Task Force Bangon Marawi will have its hands full on the very first day of its creation. Economic Planning Secretary Ernesto Pernia has conceded that the rehabilitation and recovery of Marawi City are “gargantuan tasks” that the state must see through, after a five-month siege that practically leveled the Muslim capital.
The National Economic and Development Authority, a key member of the task force, has initially recommended a framework that aims to build safer, adaptive and disaster-resilient communities in Marawi. It also suggested that the Maranao culture be made integral in rebuilding Marawi and neighboring local government units, including concerns on overlapping land claims.
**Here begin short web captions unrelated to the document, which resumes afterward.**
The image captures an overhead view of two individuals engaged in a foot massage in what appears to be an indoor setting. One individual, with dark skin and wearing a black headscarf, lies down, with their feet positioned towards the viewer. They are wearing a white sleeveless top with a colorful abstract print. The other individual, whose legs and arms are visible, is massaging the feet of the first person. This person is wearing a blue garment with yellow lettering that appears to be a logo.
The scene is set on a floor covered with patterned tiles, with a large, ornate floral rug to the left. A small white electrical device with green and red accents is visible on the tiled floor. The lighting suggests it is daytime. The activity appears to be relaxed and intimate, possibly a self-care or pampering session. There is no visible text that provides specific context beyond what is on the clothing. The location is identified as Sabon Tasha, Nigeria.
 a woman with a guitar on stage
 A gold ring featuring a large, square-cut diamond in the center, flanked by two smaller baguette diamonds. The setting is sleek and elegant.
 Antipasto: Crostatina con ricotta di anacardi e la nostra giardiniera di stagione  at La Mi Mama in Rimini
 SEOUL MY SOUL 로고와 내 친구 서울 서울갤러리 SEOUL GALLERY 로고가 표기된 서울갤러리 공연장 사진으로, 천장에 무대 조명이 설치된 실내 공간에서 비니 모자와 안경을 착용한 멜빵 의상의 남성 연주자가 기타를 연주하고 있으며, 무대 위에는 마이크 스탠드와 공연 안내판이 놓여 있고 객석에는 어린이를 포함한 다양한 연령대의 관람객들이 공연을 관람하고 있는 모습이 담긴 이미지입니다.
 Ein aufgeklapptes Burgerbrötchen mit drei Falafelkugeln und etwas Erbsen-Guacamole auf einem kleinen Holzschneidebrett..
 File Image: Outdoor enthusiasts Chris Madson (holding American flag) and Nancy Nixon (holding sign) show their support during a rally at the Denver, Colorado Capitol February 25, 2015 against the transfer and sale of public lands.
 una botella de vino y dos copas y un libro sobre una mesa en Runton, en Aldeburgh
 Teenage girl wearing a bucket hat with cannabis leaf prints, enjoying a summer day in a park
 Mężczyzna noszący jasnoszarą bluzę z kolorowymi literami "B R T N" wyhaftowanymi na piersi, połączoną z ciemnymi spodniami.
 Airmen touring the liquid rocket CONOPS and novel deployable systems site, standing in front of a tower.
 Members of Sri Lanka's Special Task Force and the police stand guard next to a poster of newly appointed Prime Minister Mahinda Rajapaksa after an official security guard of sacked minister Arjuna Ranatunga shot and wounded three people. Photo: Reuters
The plan is apart from improving economic and social conditions and ensuring peace and security in the ravaged city.
Bringing the city back to its feet may involve a complete redevelopment to avoid the common problems in urban centers across the Philippines. A rehabilitated Marawi must be free from traffic snarls, informal settlers, air and water pollution, and uncollected garbage.
The rebuilding must come out with detailed maps containing the proposed land-use and urban plans to make Marawi a truly modern city. The task force must construct a great deal of infrastructure projects that will speed up travel and the flow of goods and agricultural produce from and to the city.
Transportation or road networks will be key to the recovery of Marawi City. Residents in the area transact business with the rest of Mindanao and across the strategic Lake Lanao. They must have infrastructure support, including a modern pier or port, to bring about a faster economic recovery.
Bringing local and foreign investors as well as tourists to Marawi City, meanwhile, will not be an easy task but it can be done through sustained peace-building efforts. Rebuilding the city will not be an overnight job. Every detail and step in the process must be weighed carefully to produce the long-term benefits that the Maranaos deserve.